Proteasome modulator 9 and carpal tunnel syndrome

Proteasome modulator 9 (PSMD9) is linked to type 2 diabetes (T2D). The author studied whether PSMD9 IVS3 + nt460 A > G, IVS3 + nt437 T > C and E197 are linked to carpal tunnel syndrome in T2D Italian families. Non-parametric linkage, linkage disequilibrium-based and independent SNPs-based linkage analyses were performed. The PSMD9 SNPs show linkage to carpal tunnel syndrome.

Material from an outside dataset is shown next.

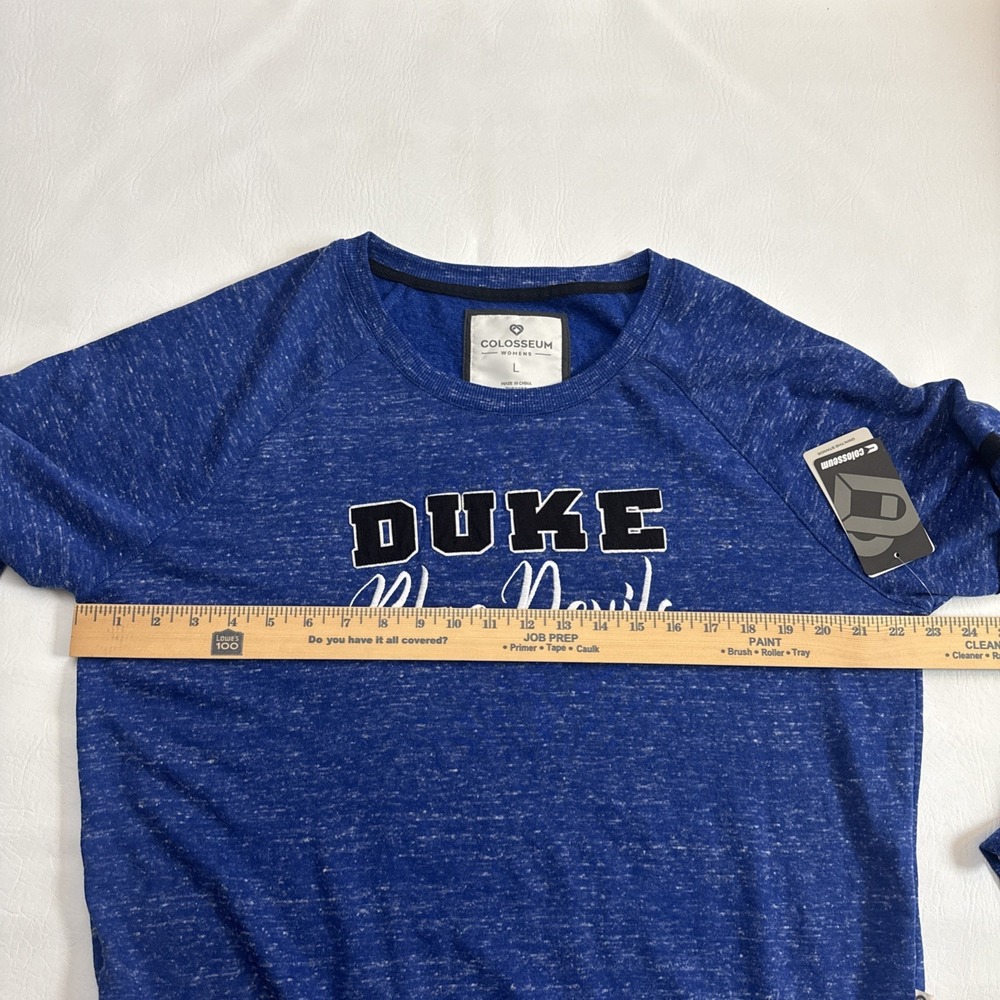 Colosseum Duke Blue Devils Womens Royal Blue Pullover Sweatshirt Large NCAA New - Picture 6 of 7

Proteasome modulator 9 SNPs are linked to hypertension in type 2 diabetes families

Background

Chromosome 12q24 was recently associated with hypertension. Proteasome Modulator 9 (PSMD9) lies in the 12q24 locus and is in linkage with MODY3, type 2 diabetes (T2D), microvascular and macrovascular pathology, carpal tunnel syndrome, and hypercholesterolemia in Italian families.

Aims

Our goal was to determine whether PSMD9 is linked to elevated blood pressure/hypertension in T2D families.

Methods

We characterized the Italian T2D families' members for presence and/or absence of elevated blood pressure (≥ 130/80) and/or hypertension. The phenotypes were described as unknown in all cases in which the diagnosis was either unclear or the data were not available for the subject studied. We tested in the 200 Italians families for the presence of the linkage of the PSMD9 T2D risk single nucleotide polymorphisms (SNPs) IVS3+nt460 A > G, IVS3+nt437 T > C and E197G A > G with elevated blood pressure/hypertension. The non-parametric linkage analysis was performed for this qualitative phenotype by using the Merlin software; the Lod score and correspondent P-value were calculated. Parametric linkage analysis was also performed. For the significant linkage score, 1000 replicates were run to calculate the empirical P-value.

Results

The PSMD9 gene SNPs studied are in linkage with elevated blood pressure/hypertension in our Italian families.

Conclusions

We conclude that the PSMD9 gene and/or any variant in linkage disequilibrium with the SNPs studied contribute to the linkage to hypertension within our family dataset. This is the first report of PSMD9 linkage to hypertension within the 12q24 locus.